===== Recorded information =====

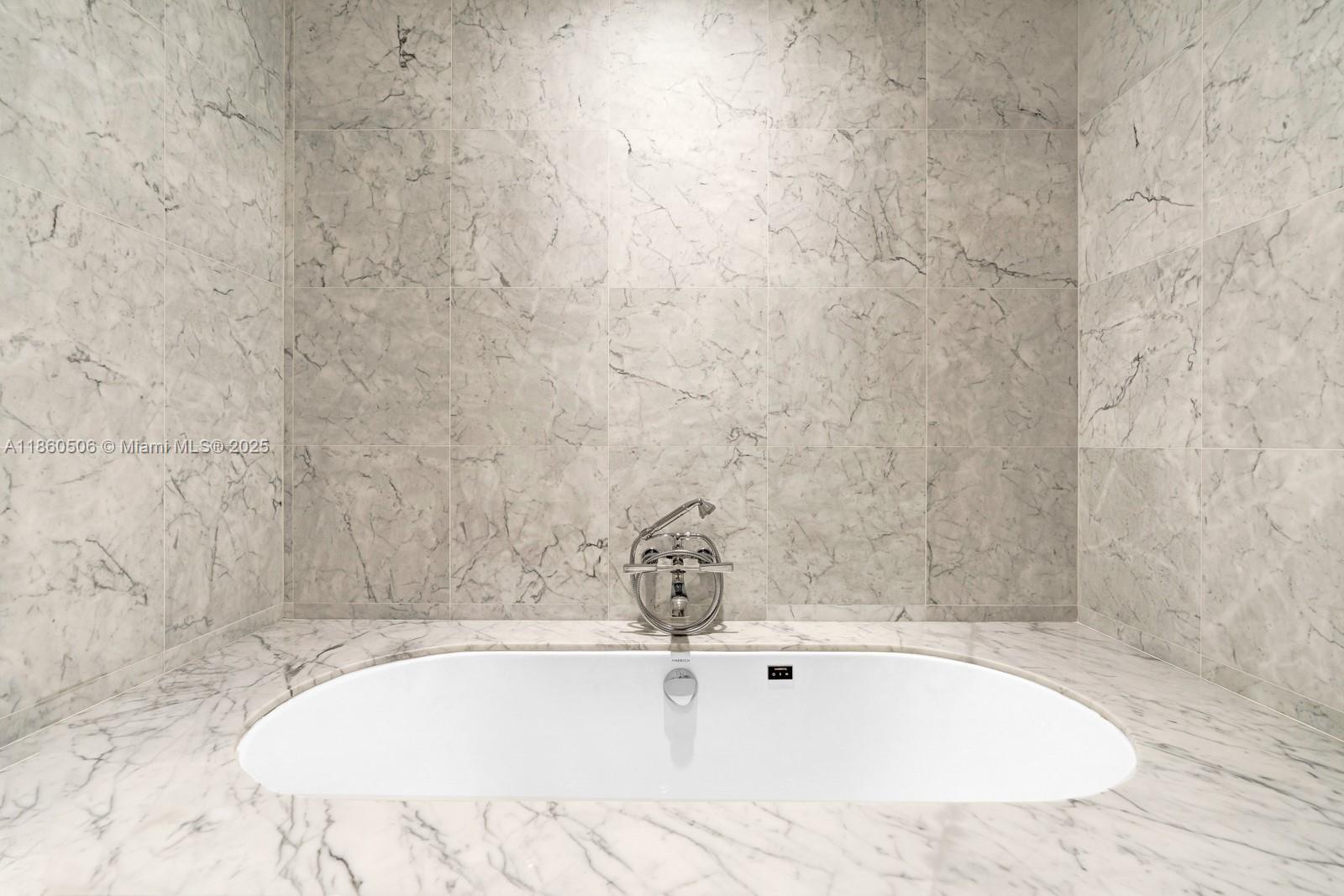 image Ritz Carlton Residences10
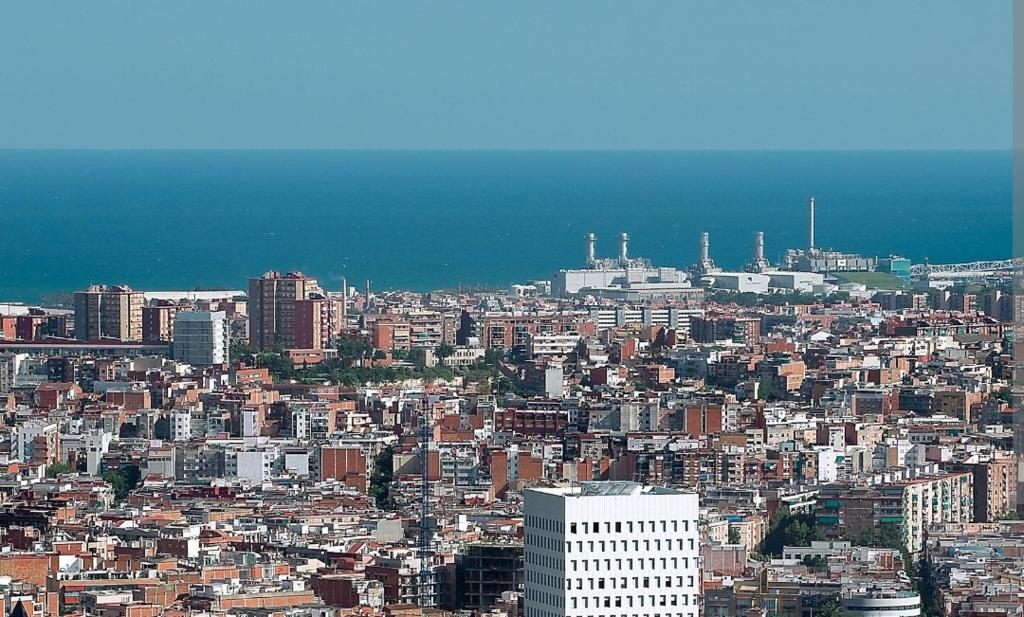 Santa Coloma de Gramanet的住宿－Habitación acogedora a 20min del centro, en Barcelona，享有大城市的空中景观,拥有建筑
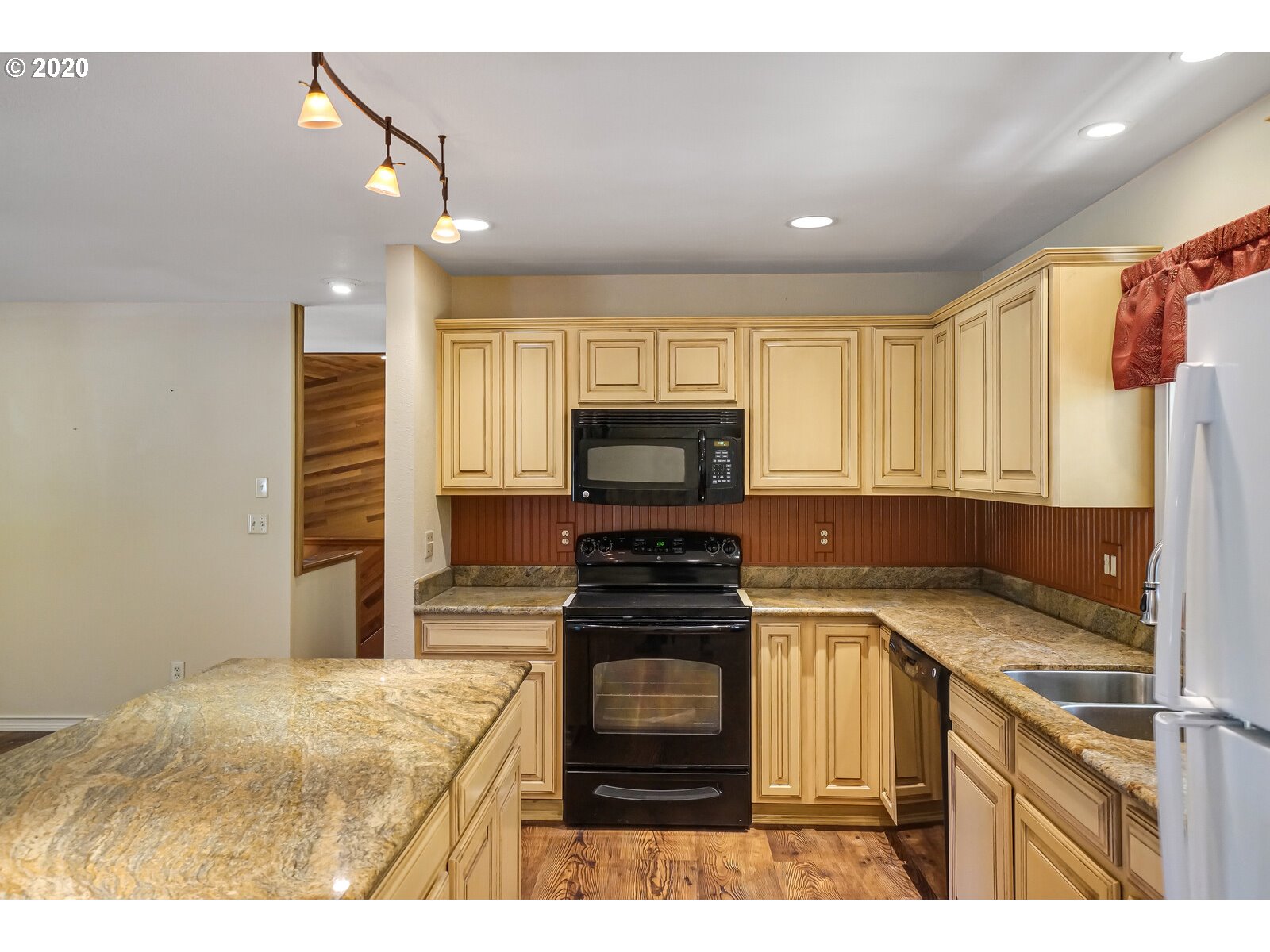17615 South Abiqua Road Northeast Silverton, OR 97381 - Photo 16 of 26 Gallery Image 16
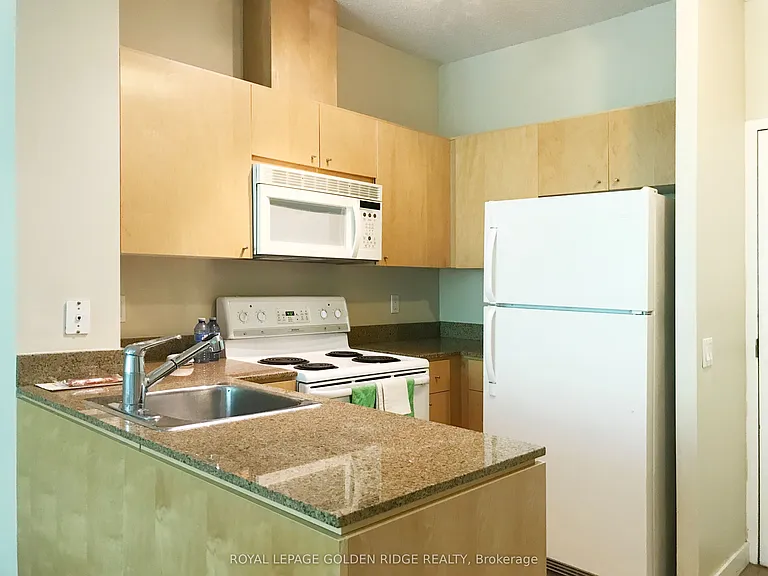 361 Front St W #209 — Photo 3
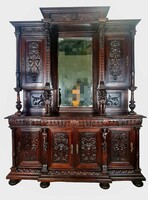 Antik,frissen felújított,reneszánsz stílusú dúsan faragott tálalószekrény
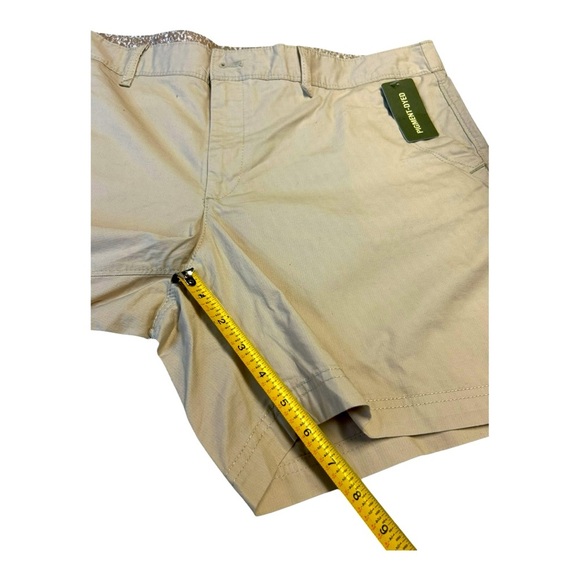 Eddie Bauer Pigment Dyed Shorts Size 16
Tan, khaki  100% Cotton - Picture 7 of 7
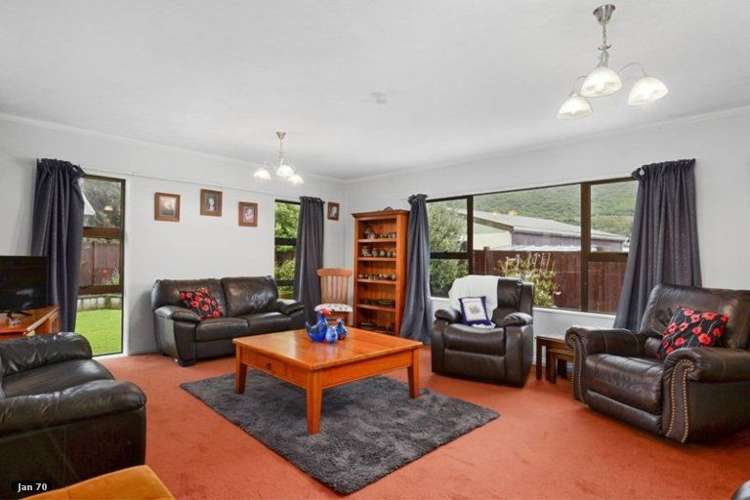 9 California Drive Totara Park_1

=====

◆ What the task asks
Skip the pictures, then return the rest of the data exactly.

◆ Exercise result
 image Ritz Carlton Residences10
 Santa Coloma de Gramanet的住宿－Habitación acogedora a 20min del centro, en Barcelona，享有大城市的空中景观,拥有建筑
17615 South Abiqua Road Northeast Silverton, OR 97381 - Photo 16 of 26 Gallery Image 16
 361 Front St W #209 — Photo 3
 Antik,frissen felújított,reneszánsz stílusú dúsan faragott tálalószekrény
 Eddie Bauer Pigment Dyed Shorts Size 16
Tan, khaki  100% Cotton - Picture 7 of 7
 9 California Drive Totara Park_1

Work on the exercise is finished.